*** Opening of PROVIDED ENTRIES ***
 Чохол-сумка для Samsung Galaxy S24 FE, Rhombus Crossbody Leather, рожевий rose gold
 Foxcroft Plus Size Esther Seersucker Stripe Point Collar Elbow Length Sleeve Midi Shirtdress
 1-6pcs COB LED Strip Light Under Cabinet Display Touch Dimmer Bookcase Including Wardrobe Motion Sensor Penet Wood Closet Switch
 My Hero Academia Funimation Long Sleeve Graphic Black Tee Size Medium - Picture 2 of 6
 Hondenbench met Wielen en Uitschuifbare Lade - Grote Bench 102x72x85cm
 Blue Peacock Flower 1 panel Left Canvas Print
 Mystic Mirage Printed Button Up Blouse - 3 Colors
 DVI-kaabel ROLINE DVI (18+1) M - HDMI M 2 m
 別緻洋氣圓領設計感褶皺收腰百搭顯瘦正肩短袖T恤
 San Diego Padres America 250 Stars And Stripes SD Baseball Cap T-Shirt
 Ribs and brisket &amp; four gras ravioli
*** Close of PROVIDED ENTRIES ***
EXERCISE INSTRUCTIONS
Repeat, exactly as they stand, the line that contains "DVI-kaabel ROLINE DVI (18+1) M - HDMI M 2 m" and all the lines after it in the data above.

EXPECTED OUTPUT
 DVI-kaabel ROLINE DVI (18+1) M - HDMI M 2 m
 別緻洋氣圓領設計感褶皺收腰百搭顯瘦正肩短袖T恤
 San Diego Padres America 250 Stars And Stripes SD Baseball Cap T-Shirt
 Ribs and brisket &amp; four gras ravioli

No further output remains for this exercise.